## Problem to solve
Transcribe the records below exactly as they appear, omitting any pictures.

## Material supplied
————————

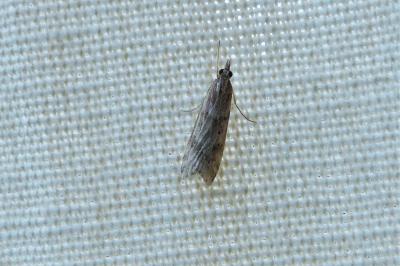 <i>Eudonia angustea</i>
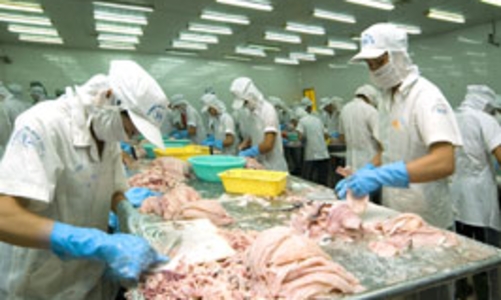 Xuất khẩu thuỷ sản có thể đạt 8 tỷ USD vào năm 2020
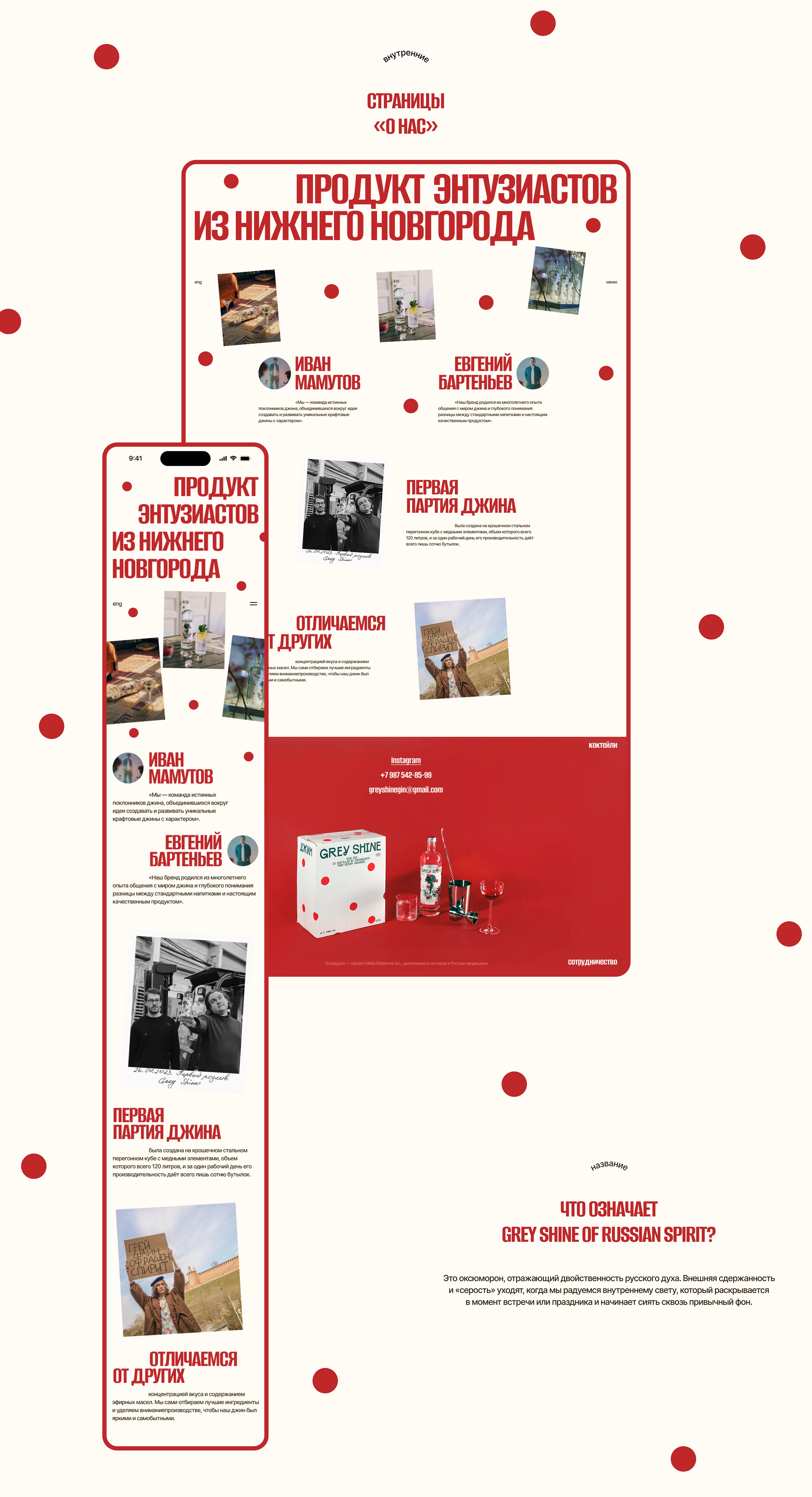 GREY SHINE — Изображение №4 — Интерфейсы, Брендинг на Dprofile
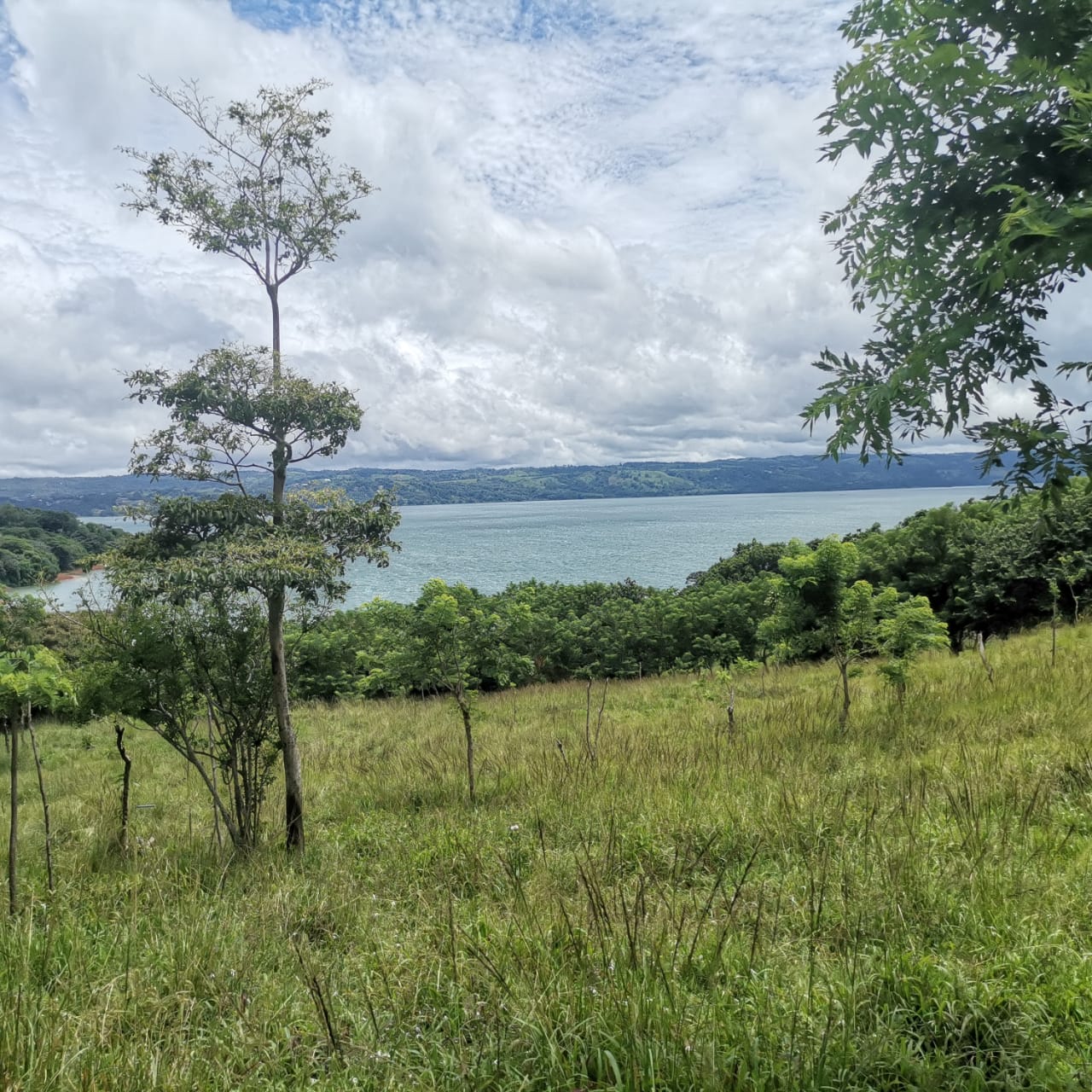 Large, Lake and Volcano View Parcel with Modest Tico Home and LAKE ACCESS  photo 11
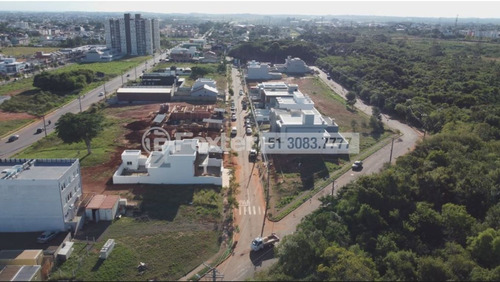 Imagem 3 de 7 de Terreno, 300 M², Igara - 218784
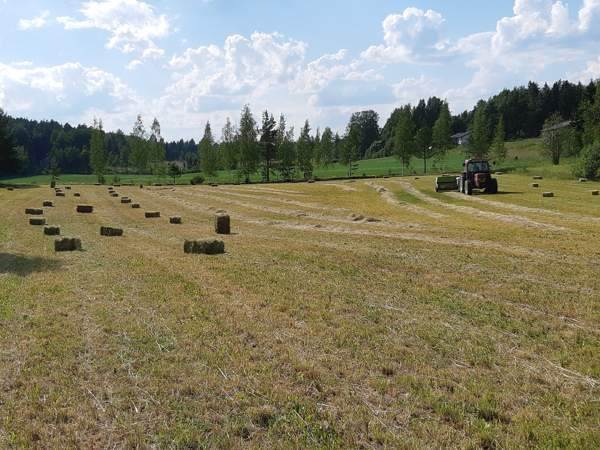 Kuivaa heinää pikkupaalissa Akaa – foto 1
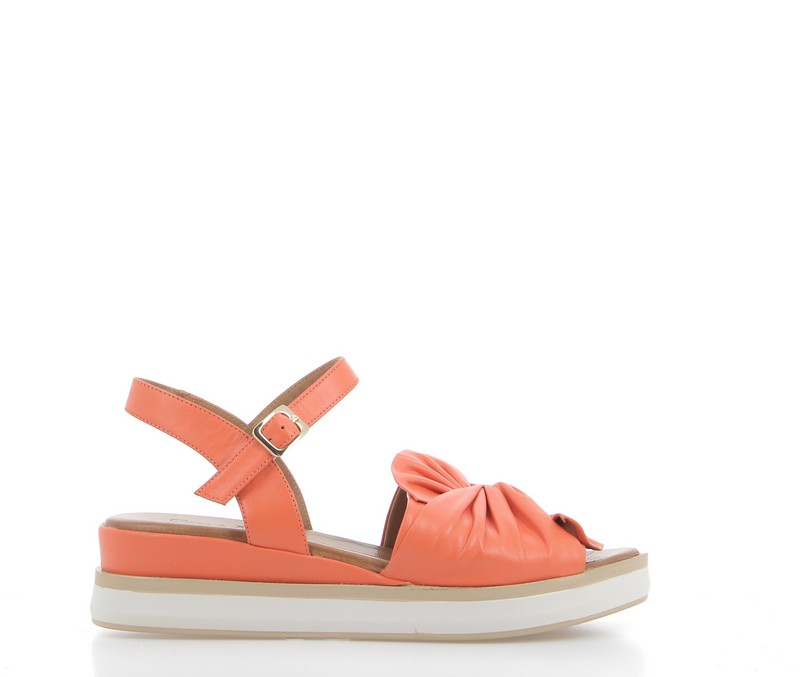 v2705b-corail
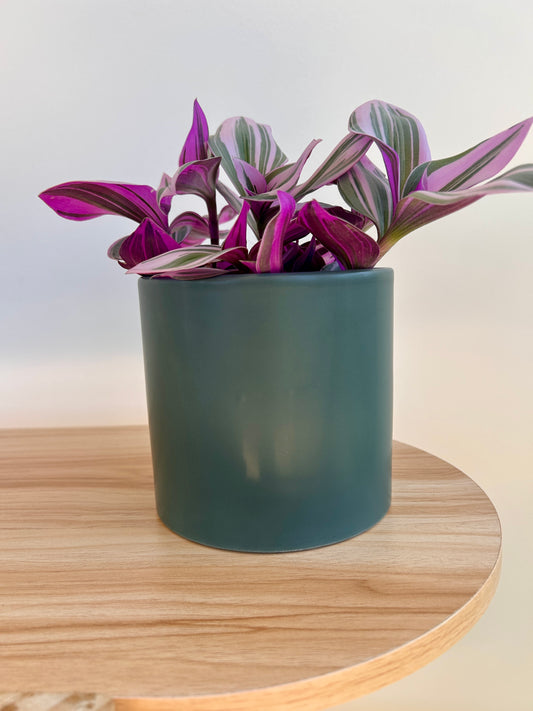 Tradescantia Nanouk pink leaves 12cm in olive green ceramic pot boho chic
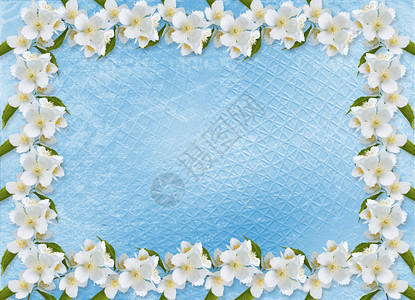 与樱花分支的蓝色抽象背景图片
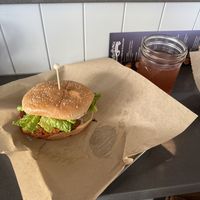   at Far West Fungi in Santa Cruz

————————

## Task output
 <i>Eudonia angustea</i>
 Xuất khẩu thuỷ sản có thể đạt 8 tỷ USD vào năm 2020
 GREY SHINE — Изображение №4 — Интерфейсы, Брендинг на Dprofile
 Large, Lake and Volcano View Parcel with Modest Tico Home and LAKE ACCESS  photo 11
 Imagem 3 de 7 de Terreno, 300 M², Igara - 218784
 Kuivaa heinää pikkupaalissa Akaa – foto 1
 v2705b-corail
 Tradescantia Nanouk pink leaves 12cm in olive green ceramic pot boho chic
 与樱花分支的蓝色抽象背景图片
   at Far West Fungi in Santa Cruz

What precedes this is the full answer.